PESCARA. Cresce la polemica sulle ultime vicende della Soget, legate alla inesigibilità dei crediti del Comune di Pescara per 36 milioni di euro. Dopo l'apertura di un'inchiesta da parte della Procura (pm Gennaro Varone) che ha iscritto sul registro degli indagati il direttore Gaetano Monaco, e gli interrogativi sollevati al sindaco Marco Alessandrini dal Movimento 5 Stelle sulla possibilità di revocare l'affidamento del servizio di riscossione dei tributi alla Soget, intervengono i 500 addetti di questa società. Il personale ce l'ha proprio con i rappresentanti del Movimento guidato da Beppe Grillo, e cioè i consiglieri comunali Erika Alessandrini, Massimiliano Di Pillo ed Enrica Sabatini, e il consigliere regionale Domenico Pettinari, che vogliono vederci chiaro sul rapporto in essere tra il Comune e la Soget. I lavoratori sono «sorpresi»dalle dichiarazioni dei pentastellati, che hanno tirato in ballo i casi di Oria (Brindisi) e Taranto, dove il rapporto contrattuale con la Soget è stato risolto su iniziativa delle rispettive amministrazioni comunali, chiedendo se qui non si possa procedere allo stesso modo. Le affermazioni di M5S, dicono dalla Soget, «non sono aderenti alle questioni amministrative e giudiziali in corso di chiarimento e lascia perplessi che procedure tecniche attuate secondo dettami normativi consolidati, e che evidentemente devono essere pienamente comprese in tutti i loro aspetti, vengano superate e travalicate nella sostanza da richieste di revoche contrattuali che prescindono dalla realtà dei fatti». Per il personale della Soget l'inesigibilità dei crediti, cioè, non può essere causa di risoluzione.
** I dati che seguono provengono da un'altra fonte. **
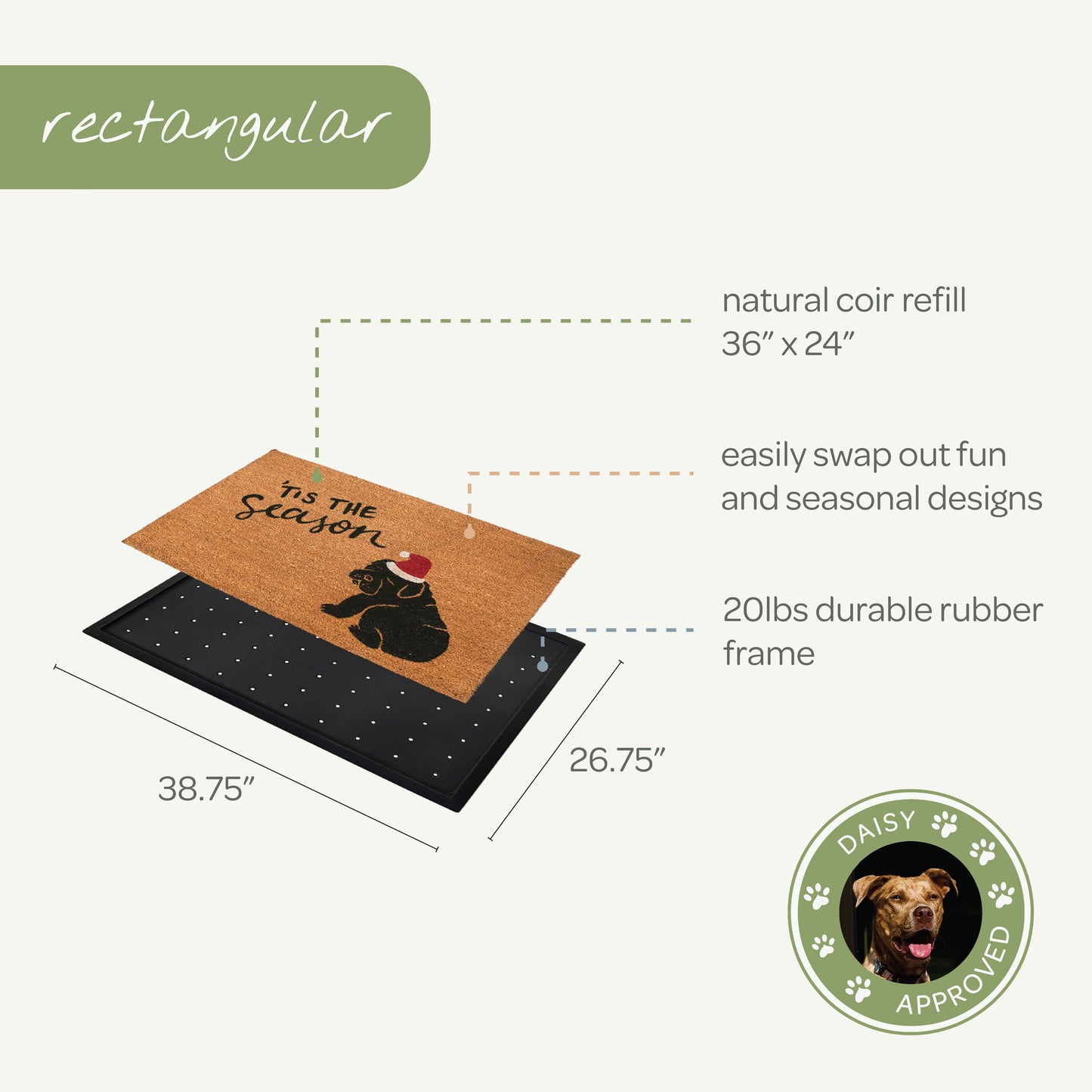 christmas + dog convertible entrance doormat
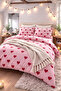 Vanilla Heart Pink Double Duvet Cover Set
Rivendicando «professionalità, serietà e imparzialità nell'espletamento delle mansioni assegnate, che vengono svolte nel rispetto della normativa vigente e nell'interesse degli enti locali convenzionati con la Soget, nonché dei contribuenti», i lavoratori fanno notare che «dal 2000 al 2012, la società ha riscosso ben il 90% delle entrate tributarie per il Comune di Pescara». Chiedono rispetto per l'attività quotidiana espletata «a tutela degli enti impositori e dei contribuenti». La paura, in questa fase, è che «venga minata la fiducia nel rapporto con i cittadini», lo stesso rispetto e la stessa fiducia, dicono, che «noi riserviamo alle funzioni che ognuno è chiamato a svolgere, in modo particolare se sono poste in essere dagli amministratori della cosa pubblica».